The Writing Mamas Daily Blog

Each day on the Writing Mamas Daily Blog, a different member will write about mothering.

If you're a mom then you've said these words, you've made these observations and you've lived these situations - 24/7.

And for that, you are a goddess.

Monday, January 07, 2008

 

Worrywart

I've always been a worrier, but lately, it has been worse. I saw my parents over the holiday and realized that they are getting old. My dad can barely hear in his right ear, and he had a troubling angiogram. I'm truly dreading the day-to-day aspects of my life when they get ill, and my throat tightens when I think what life will be like when they are gone.

I dread certain hours of my job teaching high school science. Most of my classes are great, but one of my physiology classes has so much energy, it explodes throughout the room, literally. One day, I thought it would be nice for them to build a clay model of the neuron. They thought it would be more fun to throw the clay on the ceiling.

When I meet with the parents of my problem high school students, I dread the day my own sweet seven- and nine-year olds fall into the abyss of adolescence. The teenager parents have a resigned look to their eyes, and often, as they promise me to talk with their child, again, their voice has a tremor of hopelessness.

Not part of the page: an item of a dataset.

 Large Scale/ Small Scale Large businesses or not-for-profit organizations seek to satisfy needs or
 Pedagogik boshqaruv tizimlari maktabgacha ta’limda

Even if my kids don't misbehave in class during high school, I know they will break away from me. I'm dreading the day my nine-year son stops coming by our bed in the morning for a good morning kiss.

Our house is another ticking time bomb. We have galvanized steel pipes that break into tiny rusty pieces, clogging our faucets, one by one. Our shower pipe broke apart this fall. I'm waiting for a major collapse, which will probably happen when we are out of town.

Despite my plumbing, and electrical anxiety, our family decided to drive down to San Diego this Christmas. As we barreled towards Highway 5, I prayed we would not encounter the infamous winter valley fog that occasionally leads to ninety-five car pile-ups. When I wasn't worried about accidents, our house, pets, or getting lost, I dreaded seeing my strange physiology class again.

We made it to Sea World, and my son, Walker, wanted to do the Atlantis Ride. The ride is a combination log flume and rollercoaster, with some real black and white dolphins and indecipherable dialogue thrown in. Our boat ascended up the metal rails. My heart was beating wildly. I lifted my arms so I could cuddle Walker. He scooted away. We reached the top, and it was too late to tuck my arms in, or even lift them up. I couldn't get into my usual amusement park cower. I faced the descent with chest out and my heart forward. The world slipped below me, and I felt like I was flying. We plunged, and I felt every moment of it. Then, the water engulfed our boat. I didn't care. I let out a whoop of delight.

I walked with my arms slightly outstretched the rest of the day. I felt renewed, like my old strength had come back. Terrifying things are going to happen to me, I know, but there is no point in dreading them. It is far better to meet them head-on as they arrive, and enjoy every moment in between.